▸ **What to produce**:
Print the entries exactly as given.
::: Data provided :::
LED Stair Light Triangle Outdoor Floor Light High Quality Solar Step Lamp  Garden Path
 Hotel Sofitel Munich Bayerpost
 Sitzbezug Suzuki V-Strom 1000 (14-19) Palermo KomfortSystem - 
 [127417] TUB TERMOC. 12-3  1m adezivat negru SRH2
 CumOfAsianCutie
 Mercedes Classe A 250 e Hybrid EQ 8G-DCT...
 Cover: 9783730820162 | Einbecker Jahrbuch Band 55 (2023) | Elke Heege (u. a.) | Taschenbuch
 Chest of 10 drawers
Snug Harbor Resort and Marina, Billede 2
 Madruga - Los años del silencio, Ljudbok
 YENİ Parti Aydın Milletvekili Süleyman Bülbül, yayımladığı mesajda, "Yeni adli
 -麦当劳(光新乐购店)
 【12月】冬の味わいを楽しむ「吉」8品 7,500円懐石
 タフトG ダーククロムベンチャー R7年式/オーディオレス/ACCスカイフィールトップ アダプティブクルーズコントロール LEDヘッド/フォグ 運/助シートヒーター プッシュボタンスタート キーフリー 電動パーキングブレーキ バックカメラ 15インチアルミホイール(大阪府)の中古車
:::
▸ **Final answer**:
LED Stair Light Triangle Outdoor Floor Light High Quality Solar Step Lamp  Garden Path
 Hotel Sofitel Munich Bayerpost
 Sitzbezug Suzuki V-Strom 1000 (14-19) Palermo KomfortSystem - 
 [127417] TUB TERMOC. 12-3  1m adezivat negru SRH2
 CumOfAsianCutie
 Mercedes Classe A 250 e Hybrid EQ 8G-DCT...
 Cover: 9783730820162 | Einbecker Jahrbuch Band 55 (2023) | Elke Heege (u. a.) | Taschenbuch
 Chest of 10 drawers
Snug Harbor Resort and Marina, Billede 2
 Madruga - Los años del silencio, Ljudbok
 YENİ Parti Aydın Milletvekili Süleyman Bülbül, yayımladığı mesajda, "Yeni adli
 -麦当劳(光新乐购店)
 【12月】冬の味わいを楽しむ「吉」8品 7,500円懐石
 タフトG ダーククロムベンチャー R7年式/オーディオレス/ACCスカイフィールトップ アダプティブクルーズコントロール LEDヘッド/フォグ 運/助シートヒーター プッシュボタンスタート キーフリー 電動パーキングブレーキ バックカメラ 15インチアルミホイール(大阪府)の中古車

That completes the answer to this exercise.